Mark,
For sure I know the feeling.
Right now I'm about to graduate from grad school but still working retail.
On one hand, as an Aspie, I consider myself lucky to have a job where I have
social interaction (IE not pure isolated assembly-line type work).
On the other hand, I feel when I earn an award well deserve my efforts are
cut in half...as if a higher power is slapping me on the wrist for challenging
my fate and attempting to "be my own G-d".
I can imagine at KINKO's when you are the greeter some people may say "thank
you...how are you?" but in such a fabricated way that part of you thinks "that
fabricated attitude must be a punishment for being in the position I am without
being so natural at it as a stereotypical greeter may be"
Customers kinda seem to say "thanks for your help but, let's get real, you
don't look like the type to be doing this job...so instead of giving your boss a
customer comment toward your name I'll just give you the gift of letting you off
the hook for doing a job that's 'out of your league' "
Just a reflection...as an Aspie, knowing about the world but unable to act in
it near my potential, I feel "damned" in a way...like I haven't, and never will,
be able to give very well to society and, thus, am headed toward a dismal
afterlife.
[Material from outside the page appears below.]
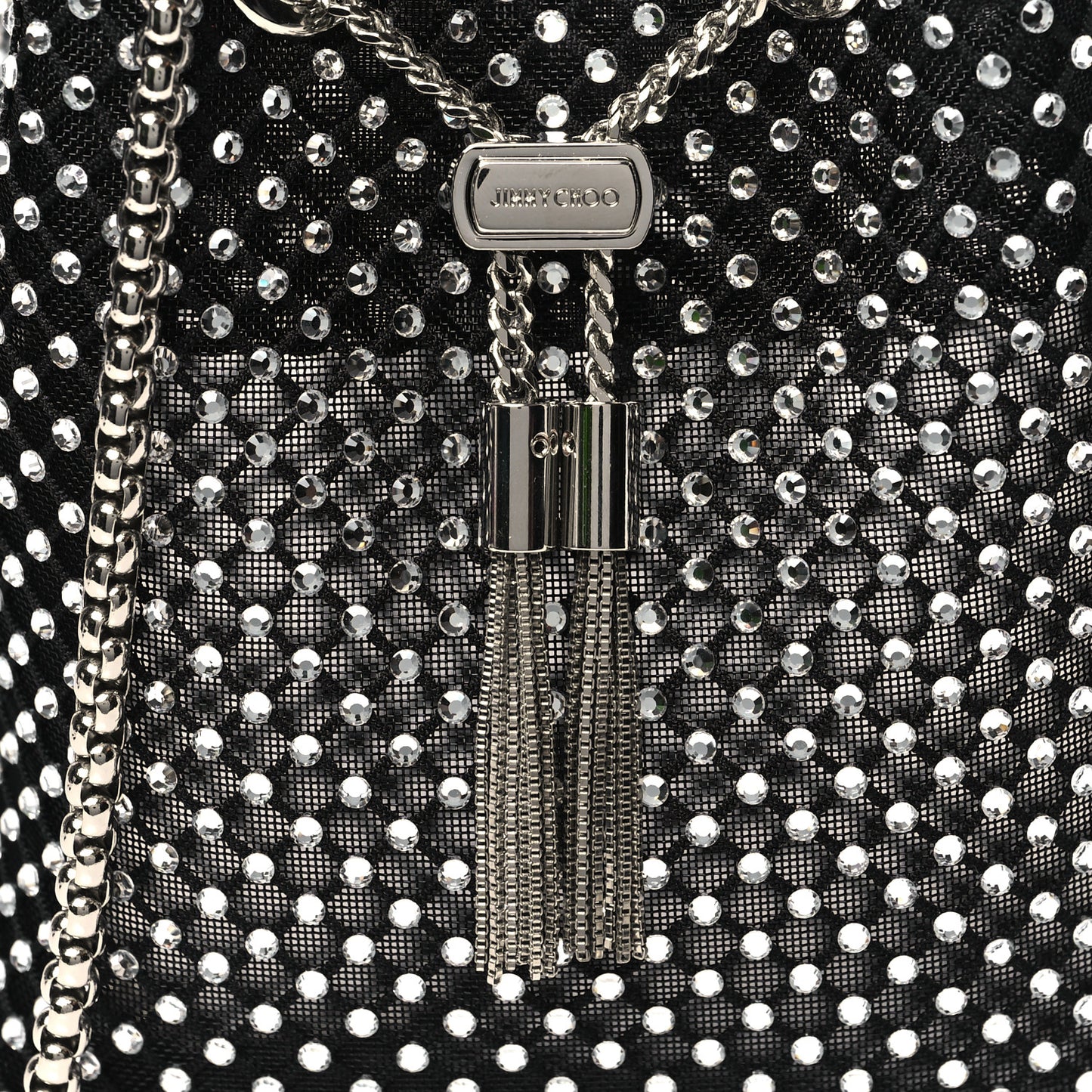 Mesh Crystal Bon Bon Bag Black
This comes up in dreams all too often to me as well...the constant
challenge of how to be a good/strong person, rather than a relatively
useless/"non-existent" one.
I know, sounds kind of Puritan, but do any of the rest of you feel the same way?
Mark Panitz <mrpanitz@...> wrote: Hello I
have Aspergers and here's something I want
to know
I work for Fedex Kinkos and one of the more important
jobs is to be the Greeter but when I'm the Greeter
I seem to think I'm being punished or penalized for
something I did..
does anyone else have this same feeling?